Attribute Inference Attack#

This section details the implementation of a simple black-box attribute inference attack, a technique used to infer sensitive attributes from a dataset based on the non-sensitive attributes and the model’s predictions.

Overview#

The attribute inference attack involves training an estimator to predict the sensitive attribute (the attacked feature) using the other features and the true class labels during training. During the attack phase, it uses the non-sensitive features and the model’s predictions. This method assumes that the attacker has access to the target model’s predictions for the samples under attack.

Methodology#

  1. Data Collection: - Gather the dataset including both sensitive (attacked) and non-sensitive features. - Ensure the dataset contains true class labels for training purposes.

  2. Feature Preparation: - Separate the dataset into non-sensitive features (input features) and the sensitive feature (target feature). - Remove the sensitive feature from the dataset. - During training, combine the non-sensitive features with the true class labels.

  3. Model Training: - Train an estimator where the input is the combination of non-sensitive features and true class labels, and the output is the sensitive feature. - Use standard training techniques and appropriate metrics to evaluate the performance of the estimator.

  4. Inference (Attack Phase): - Use the trained estimator to predict the sensitive attribute for new samples based on their non-sensitive features and the model’s predictions.

Example Workflow#

  1. Load Data: - Load the dataset containing both sensitive and non-sensitive features.

  2. Preprocess Data: - Separate the sensitive feature from the dataset. - Combine the non-sensitive features with the true class labels for training.

  3. Train Attribute Inference Model: - Use the non-sensitive features and true class labels as input to train the estimator. - Train the estimator to predict the sensitive feature.

  4. Attack Phase: - Obtain predictions from the target model for each sample in the dataset. - Use the non-sensitive features and the model’s predictions as input to the trained estimator to infer the sensitive attribute.

Accuracy Calculation#

Classification#

To evaluate the performance of the attribute inference attack, the accuracy of the estimator is calculated using the following equation:

\[\text{Accuracy} = \frac{1}{n} \sum_{i=1}^{n} \mathbf{1}\{\hat{y}_i = y_i\}\]

Where:

  • \(n\) is the total number of samples.

  • \(\hat{y}_i\) is the predicted value of the sensitive attribute for the \(i\)-th sample.

  • \(y_i\) is the true value of the sensitive attribute for the \(i\)-th sample.

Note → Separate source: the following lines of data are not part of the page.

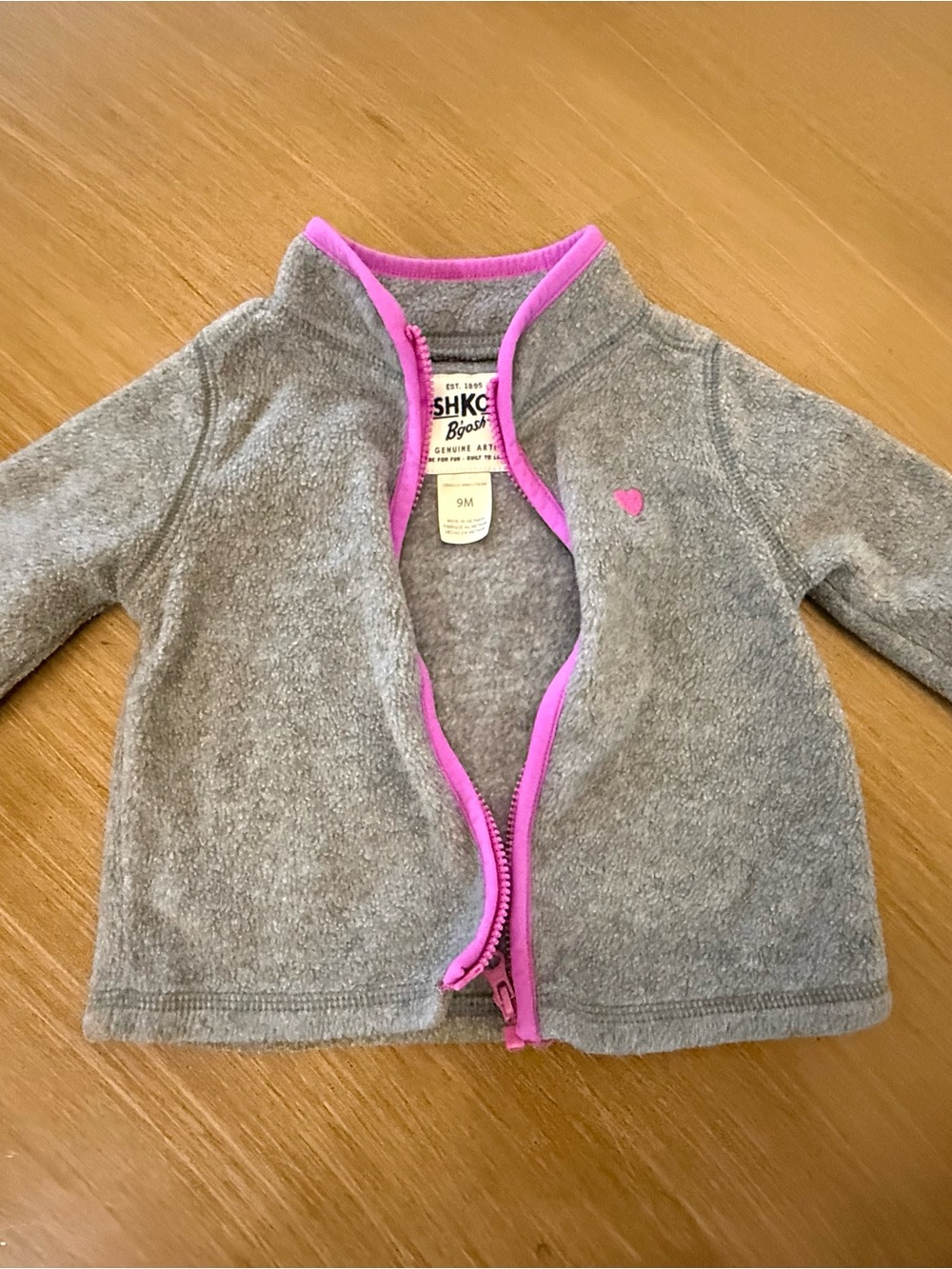 OshKosh B'gosh Gray Fleece Jacket with Pink Trim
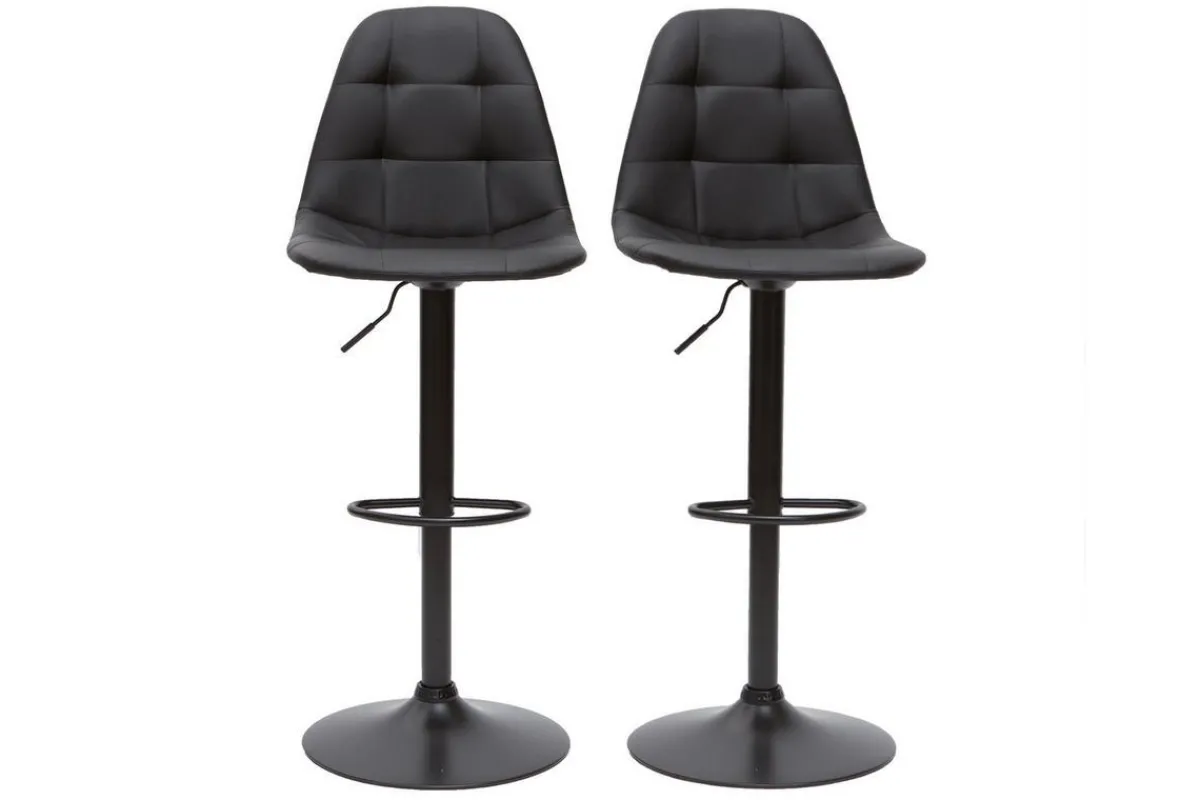 Miliboo Designer-Barhocker höhenverstellbar schwarze (2er-Set) COX* Barhocker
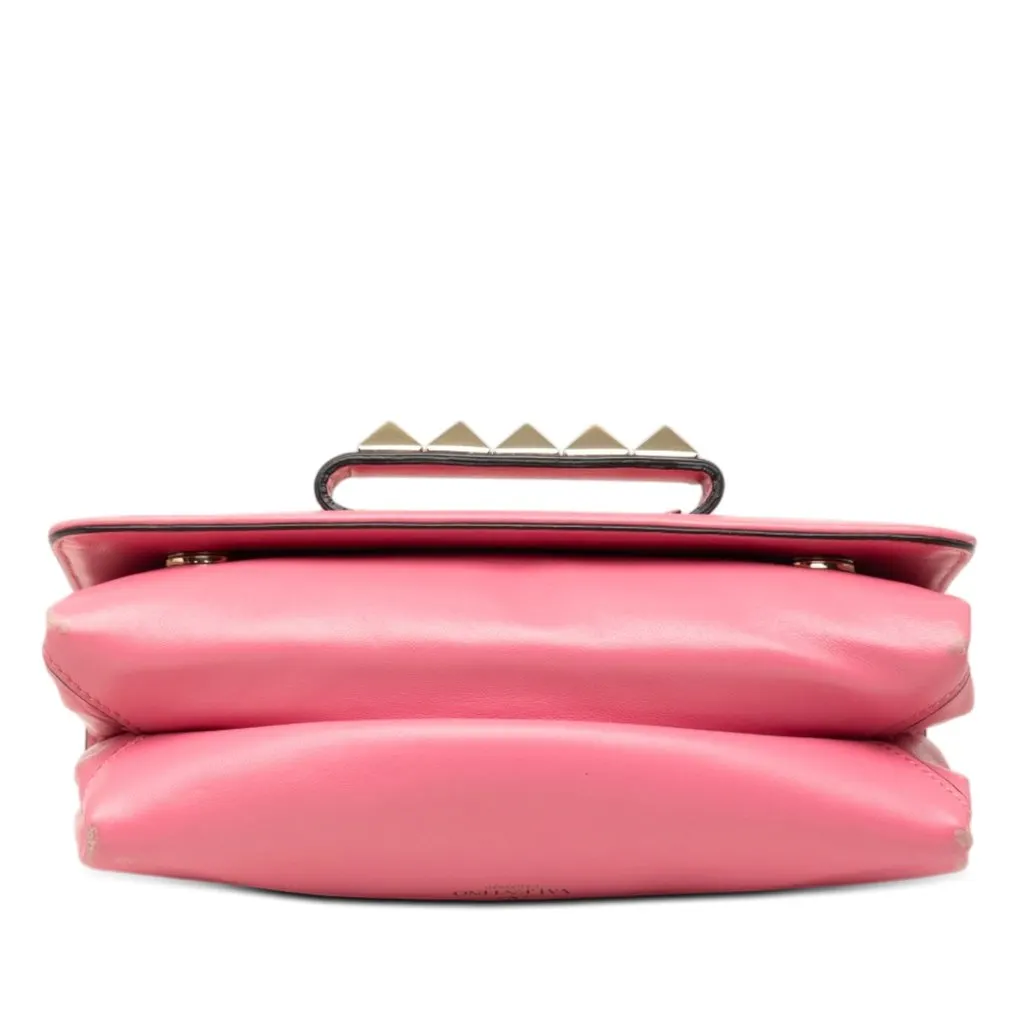 Valentino Leather Rockstud Va Va Voom Clutch on Chain Pink Leather Very good - Inside View
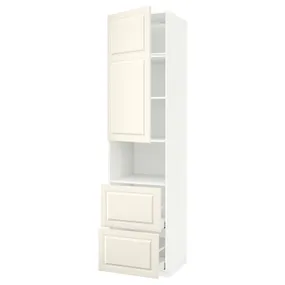 IKEA METOD МЕТОД / MAXIMERA МАКСІМЕРА, висока шафа для мікрох печі, 2 шухл, білий / БУДБІН кремово-білий, 60x60x240 см 994.607.24 фото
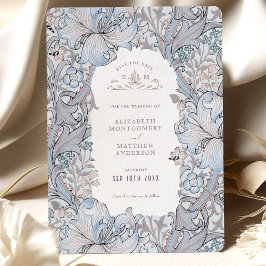 日付を保存ゴールデンリリースカイブルーウィリアム・モリス 招待状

  • \(\mathbf{1}\{\cdot\}\) is the indicator function that returns 1 if the condition inside is true, and 0 otherwise.

Regression#

For regression tasks, the Mean Squared Error (MSE) is commonly used to measure the performance of the attribute inference attack. The MSE is calculated as follows:

\[\text{MSE} = \frac{1}{n} \sum_{i=1}^{n} (y_i - \hat{y}_i)^2\]

Where:

  • \(n\) is the total number of samples.

  • \(y_i\) is the true value of the sensitive attribute for the \(i\)-th sample.

  • \(\hat{y}_i\) is the predicted value of the sensitive attribute for the \(i\)-th sample.

The MSE provides an indication of how close the predicted values are to the true values, with lower values indicating better performance.